• **Task item**
Please set down all of the data below verbatim.

• **Source information**
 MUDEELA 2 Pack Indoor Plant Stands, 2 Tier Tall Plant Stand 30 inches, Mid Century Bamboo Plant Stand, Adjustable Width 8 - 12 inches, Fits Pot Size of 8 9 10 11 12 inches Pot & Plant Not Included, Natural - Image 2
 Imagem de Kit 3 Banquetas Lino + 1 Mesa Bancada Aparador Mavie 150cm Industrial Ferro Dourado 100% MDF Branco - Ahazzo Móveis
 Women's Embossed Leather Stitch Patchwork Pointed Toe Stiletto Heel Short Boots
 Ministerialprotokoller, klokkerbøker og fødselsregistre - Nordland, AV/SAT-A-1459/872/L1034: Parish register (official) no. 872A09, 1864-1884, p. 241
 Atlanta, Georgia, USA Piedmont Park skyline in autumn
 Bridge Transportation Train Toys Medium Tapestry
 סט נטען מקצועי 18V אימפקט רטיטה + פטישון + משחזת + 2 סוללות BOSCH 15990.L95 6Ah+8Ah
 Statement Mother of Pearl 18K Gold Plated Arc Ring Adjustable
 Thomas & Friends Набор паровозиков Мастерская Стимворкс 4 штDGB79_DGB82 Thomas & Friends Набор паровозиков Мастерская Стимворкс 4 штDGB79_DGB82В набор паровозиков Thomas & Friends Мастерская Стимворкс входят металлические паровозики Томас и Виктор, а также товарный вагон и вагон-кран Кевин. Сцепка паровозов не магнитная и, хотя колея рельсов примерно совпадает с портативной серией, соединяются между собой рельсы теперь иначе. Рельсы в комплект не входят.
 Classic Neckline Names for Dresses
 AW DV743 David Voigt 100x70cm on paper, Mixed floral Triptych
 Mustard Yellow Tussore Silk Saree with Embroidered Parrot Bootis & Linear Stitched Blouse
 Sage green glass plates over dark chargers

• **Exercise solution**
 MUDEELA 2 Pack Indoor Plant Stands, 2 Tier Tall Plant Stand 30 inches, Mid Century Bamboo Plant Stand, Adjustable Width 8 - 12 inches, Fits Pot Size of 8 9 10 11 12 inches Pot & Plant Not Included, Natural - Image 2
 Imagem de Kit 3 Banquetas Lino + 1 Mesa Bancada Aparador Mavie 150cm Industrial Ferro Dourado 100% MDF Branco - Ahazzo Móveis
 Women's Embossed Leather Stitch Patchwork Pointed Toe Stiletto Heel Short Boots
 Ministerialprotokoller, klokkerbøker og fødselsregistre - Nordland, AV/SAT-A-1459/872/L1034: Parish register (official) no. 872A09, 1864-1884, p. 241
 Atlanta, Georgia, USA Piedmont Park skyline in autumn
 Bridge Transportation Train Toys Medium Tapestry
 סט נטען מקצועי 18V אימפקט רטיטה + פטישון + משחזת + 2 סוללות BOSCH 15990.L95 6Ah+8Ah
 Statement Mother of Pearl 18K Gold Plated Arc Ring Adjustable
 Thomas & Friends Набор паровозиков Мастерская Стимворкс 4 штDGB79_DGB82 Thomas & Friends Набор паровозиков Мастерская Стимворкс 4 штDGB79_DGB82В набор паровозиков Thomas & Friends Мастерская Стимворкс входят металлические паровозики Томас и Виктор, а также товарный вагон и вагон-кран Кевин. Сцепка паровозов не магнитная и, хотя колея рельсов примерно совпадает с портативной серией, соединяются между собой рельсы теперь иначе. Рельсы в комплект не входят.
 Classic Neckline Names for Dresses
 AW DV743 David Voigt 100x70cm on paper, Mixed floral Triptych
 Mustard Yellow Tussore Silk Saree with Embroidered Parrot Bootis & Linear Stitched Blouse
 Sage green glass plates over dark chargers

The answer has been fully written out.